A script to determine the demand for each subject of a given course at UENF from the academic transcripts of its students.
- Install Python 3.9
- Clone this repo
- Run the setup script:
python setup.py
To use AcaDem, provide the paths to the course syllabus and the student's transcripts in the config
file. Then, run the script in your terminal.

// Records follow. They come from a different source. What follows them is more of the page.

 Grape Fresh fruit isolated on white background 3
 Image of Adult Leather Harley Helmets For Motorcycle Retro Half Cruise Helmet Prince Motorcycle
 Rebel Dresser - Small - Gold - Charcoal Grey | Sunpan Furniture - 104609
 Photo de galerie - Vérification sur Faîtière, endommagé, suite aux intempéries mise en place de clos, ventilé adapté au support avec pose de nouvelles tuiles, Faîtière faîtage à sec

The script will generate a CSV file with the code and number of students that demand each subject, as well as a SQLite database file with all the data extracted and produced. Both located at the results
folder.
- Prepare a folder with students academic transcripts
- Prepare the
disciplinas_do_curso.csv
file. - Optionally prepare the
disciplinas_equivalentes.csv
file. - Provide the filepaths to the prepared folder and files in the
config.ini
file. - Run the script in your terminal:
python academ/academ.py
The config file establishes the filepaths of all the files needed for the script:
config.ini
[paths]
PastaExtratosAcademicos = ./data/extratos_academicos
DisciplinasCursoCSV = ./data/disciplinas_do_curso.csv
DisciplinasEquivalentesCSV = ./data/disciplinas_equivalentes.csv
ResultsFolder = ./results
Specifies the path to the folder with all the academic transcripts that will be used for the transcript.

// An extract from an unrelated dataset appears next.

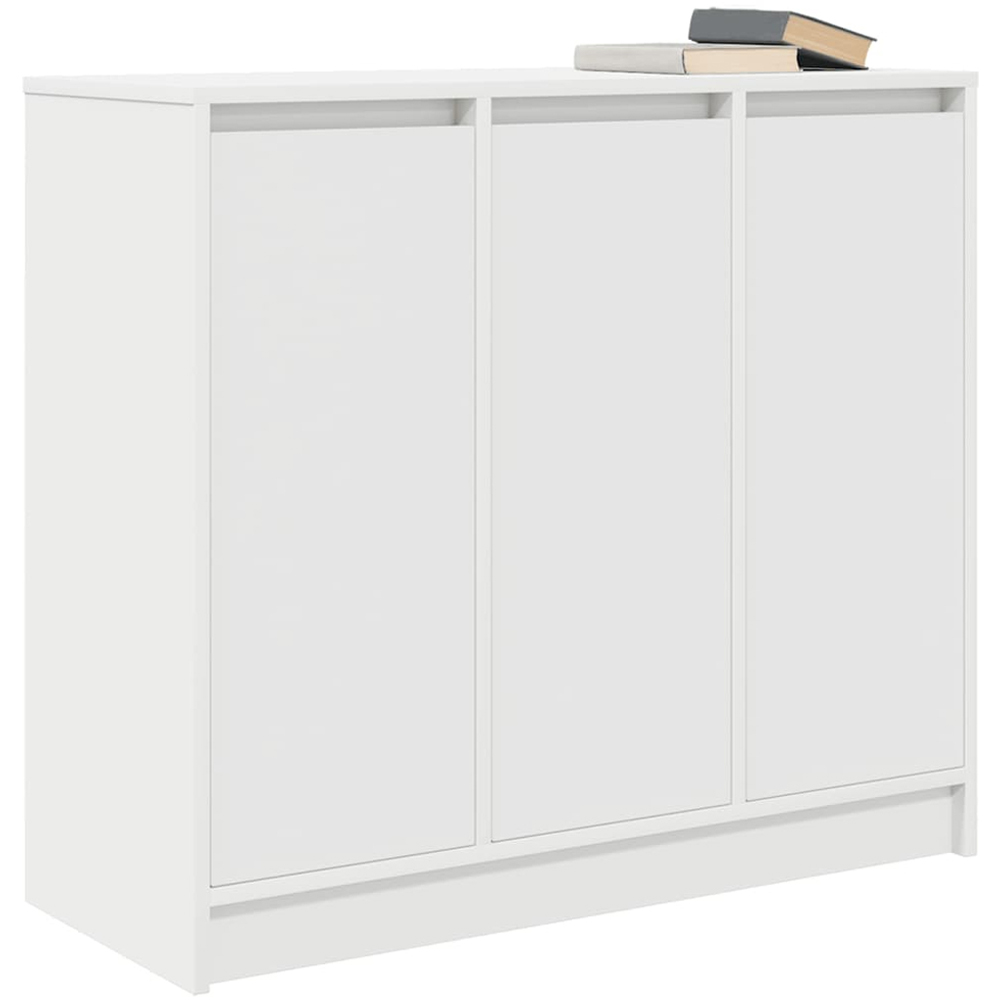 vidaXL 3 Door White Sideboard Image 3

Specifies the path to the disciplinas_do_curso.csv
file. This file is a table that lists each subject in the course, along with its ID, name and prerequisites, as the following example:
Sigla;Nome;Prerequisitos
INF01210;Paradigma OO para Desenvolvimentode Software; INF01203, INF01119
INF01211;Pesquisa Operacional;MAT01208
INF01121;Testede Software;INF01210
INF01123;Interface Homem-Máquina;INF01205
LES04536;Computação e Sociedade;
INF01122;Sistemas Distribuídos;INF01115
The user can either provide this file manually, or use the script to generate it from the course syllabus. However, the script may not produce an accurate table, so it is recommended to check and edit the output if needed.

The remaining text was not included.